Backtesting never delivers the one truth, but it can help to validate and improve one's own strategies. At the same time, the entry hurdle is high, because in addition to the data, software is needed to synchronously merge the information and simulate the market accordingly. Therefore, in iTrade we have tried to offer our users the easiest possible access to backtesting while maintaining the necessary flexibility.
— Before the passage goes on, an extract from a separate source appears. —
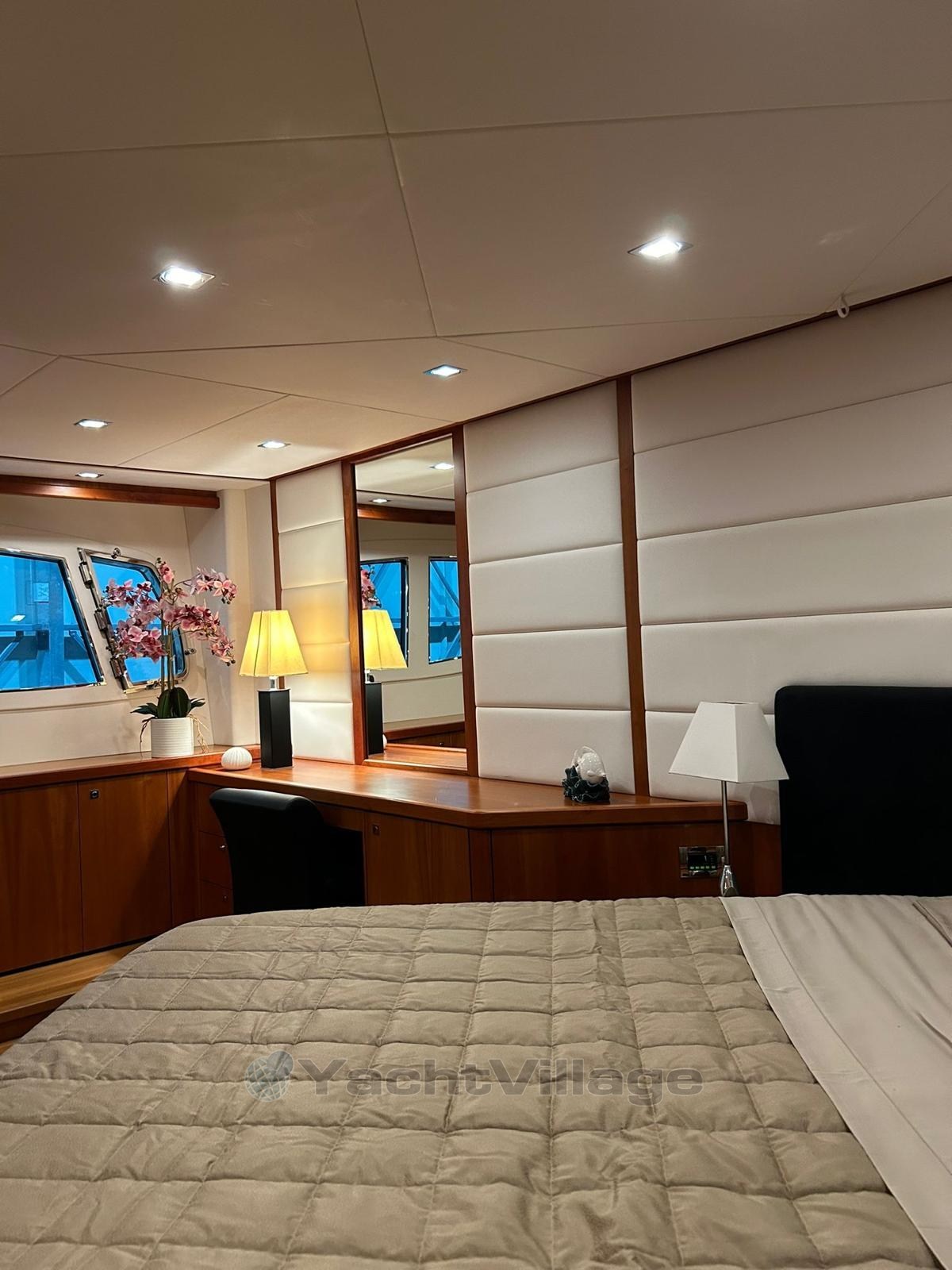 Sunseeker Manhattan 70 Armatoriale a centro barca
Backtesting in iTrade can be fully controlled via the UI. In doing so, we offer the following parameters to ensure the most comprehensive, simple and flexible handling possible:

  • Existing strategies or new strategies created in the UI can be tested.
  • New strategies can be added for testing via csv files.
  • The time range to be tested can be conveniently selected and adjusted
  • The quarter hours and hours to be simulated can be selected.

Those who do not want to use the UI here can create the strategies and jobs directly in the database. This provides a higher level of automation and the user can even set up automated parameter tuning. And to counteract the limitations mentioned above, iTrade also recognises iceberg orders in the order book in backtesting and is able to convert own trades into orders. In this way, one's own influence on the market is better taken into account.